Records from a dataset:
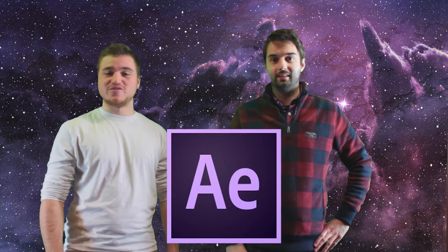Hey guys, I'm Bobby and I'm Brent and today we're going to show you how to do a green screen effect on After Effects.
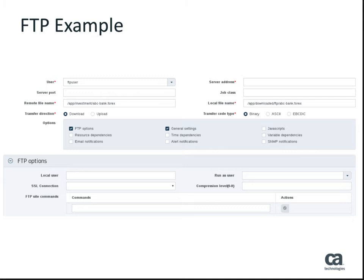It also contains the transfer direction and the transfer type. The FTP options panel allows a local user and a run-as user to be specified. It also provides the ability to set SSL configuration, a compression level, and specify additional FTP commands.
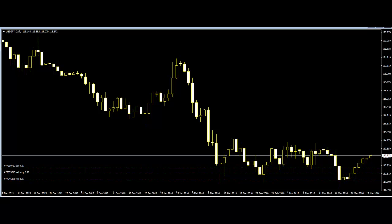Candlestick patterns are mainly of two types: simple and complex. Simple patterns are made of one candle. There are various simple candles like the hammer, the hanging man, doji, etc. Simple patterns can help beginners to decide what to do next, or can help them find a good time to invest.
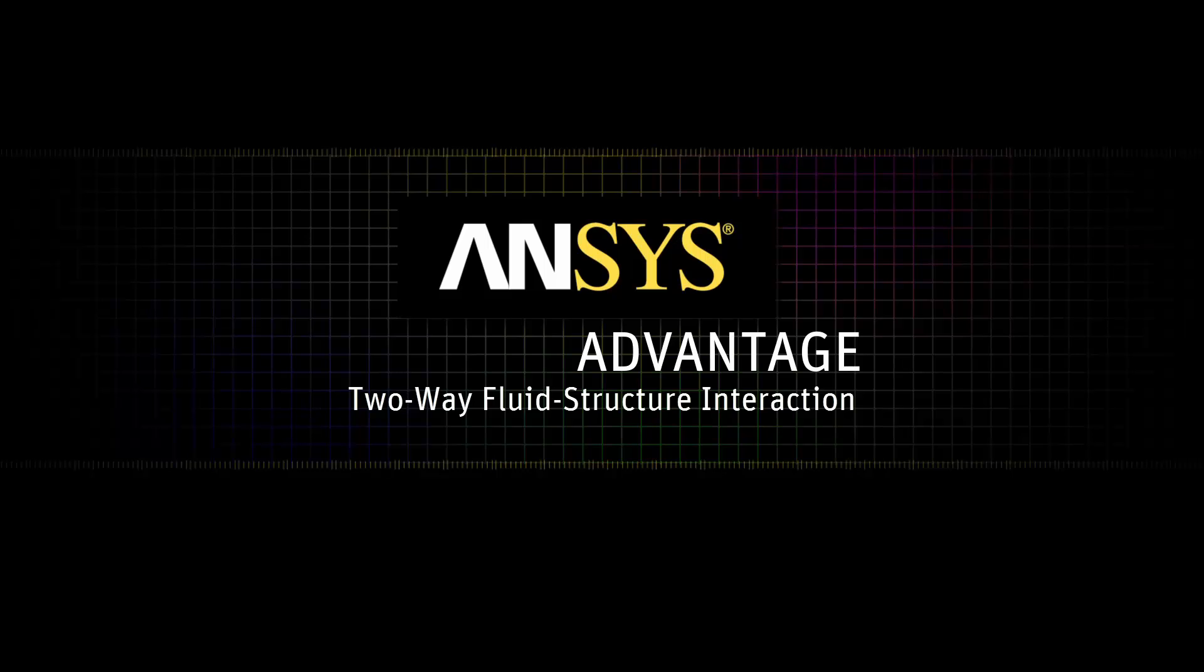We are using Mechanical, Fluent, and System Coupling for an analysis with two-way transient fluid-structure interaction.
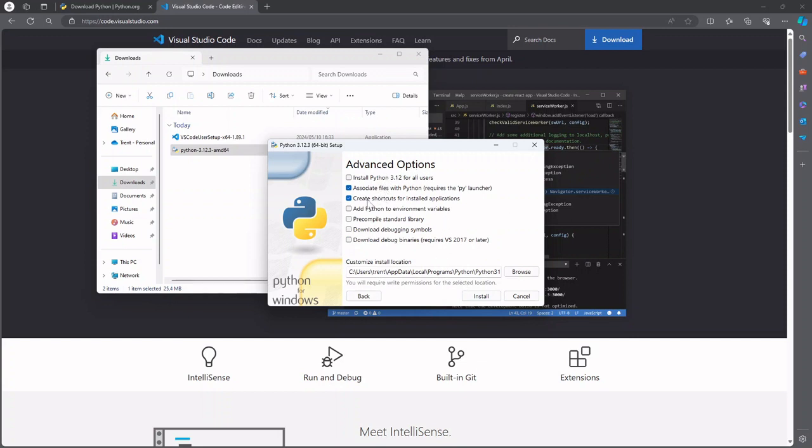One that you do want to select is adding Python to your environment variables. What this does is it adds the Python command to your set of environment variables which means if you use a command line like PowerShell it will recognize Python as a keyword that you can use. So I'd recommend just setting that.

◆ Prompt
What is needed is a word-for-word copy of the records above, excluding pictures.

◆ Result
Hey guys, I'm Bobby and I'm Brent and today we're going to show you how to do a green screen effect on After Effects.
It also contains the transfer direction and the transfer type. The FTP options panel allows a local user and a run-as user to be specified. It also provides the ability to set SSL configuration, a compression level, and specify additional FTP commands.
Candlestick patterns are mainly of two types: simple and complex. Simple patterns are made of one candle. There are various simple candles like the hammer, the hanging man, doji, etc. Simple patterns can help beginners to decide what to do next, or can help them find a good time to invest.
We are using Mechanical, Fluent, and System Coupling for an analysis with two-way transient fluid-structure interaction.
One that you do want to select is adding Python to your environment variables. What this does is it adds the Python command to your set of environment variables which means if you use a command line like PowerShell it will recognize Python as a keyword that you can use. So I'd recommend just setting that.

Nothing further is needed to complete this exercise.